The present calendar on which we so proudly benchmark days, weeks, months, years, centuries and millennia is based on an event really meaningful to Christians only. However, whether the result of manifest destiny or accident of history, the worldwide Western dominance over commerce and culture which naturally imposed this calendar on all who would live in the "modern" world may be but "a glitch in time." Compared with the much longer and, from some viewpoints, richer history of China, for instance, who could guarantee that a thousand years hence, the world may not be running according to the Chinese or some other calendar, even a new one based on an event as yet not happened?

Were the geographic locus of the project to be centered elsewhere than New York City (and, more widely, the United States and the Western world), the search for an appropriate location for such a capsule might well be driven by other considerations, traditions and philosophies.

We propose that the capsule(s) be located on the grounds of a church and made part of a ritual - meaningful not only to the religious community within which it is held, but to the secular community in which that church resides.

That is why we have chosen the Cathedral of St.

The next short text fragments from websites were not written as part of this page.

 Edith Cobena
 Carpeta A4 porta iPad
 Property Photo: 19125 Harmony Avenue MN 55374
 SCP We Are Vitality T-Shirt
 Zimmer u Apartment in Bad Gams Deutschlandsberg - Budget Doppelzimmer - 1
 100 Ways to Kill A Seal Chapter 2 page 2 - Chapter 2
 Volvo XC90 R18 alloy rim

John the Divine. It is in New York City and it is sacred ground, as the terms of the competition specify. New York´s Cathedral of St. John the Divine describes itself as the largest Gothic-style cathedral in the world. "The Statue of Liberty would fit comfortably under its central dome. ... Seat of the Bishop of the Episcopal Diocese of New York and the Diocesan Mother Church," it is chartered as a "house of worship for all peoples...." As a cathedral pamphlet puts it,

Conceived as the centerpiece of an American Acropolis in the lively west side neighborhood set between Lincoln Center and Harlem, it stands within a few blocks of such landmarks as Columbia University, Barnard College, Grant's Tomb and Riverside Church.

The magnificent cathedral is a monument to the diversity and energy of New York. ... The Chapel of Tongues represents seven immigrant people and five centuries of Architecture. ... More than 150 stained glass windows depict not only religious scenes, but also a 1925 prototype television. ... The Great Bronze Doors, cast in the same studio as the Statue of Liberty, are comprised of sixty panels in bas-relief which depict scenes from the Old and New Testaments.

The Cathedral Art Treasures, given by leaders and friends from around the world, include twin Menorahs (each 12 feet high) donated by Adolph Ochs, the founder of the New York Times; a pair of ornate cloisonné vases from Emperor Hirohito of Japan; etc....

The Cathedral of St. John the Divine, like a medieval cathedral, serves as a center of inspiration, education and outreach for the whole city of New York.

St. John the Divine is a living Cathedral bringing harmony out of the incredible diversity of New York.

The cathedral itself is an encapsulation of time: through its architecture, its treasures and its functions, the church carries forward a tradition more than millenary. Dedicated to St. John the Divine, author of Revelations, it hosts in its architecture the rich numerology that the Apocalypse writer so profusely interspersed in his text.

It is in this tradition that we want to integrate our proposed time capsule. It is doubly fitting in the millenarian context of the Revelations. Such background and qualifications eminently dispose the Cathedral of St. John the Divine to this project. Preliminary discussions with the Dean of the Cathedral, the Very Reverend Harry H. Pritchett, Jr., were extremely encouraging.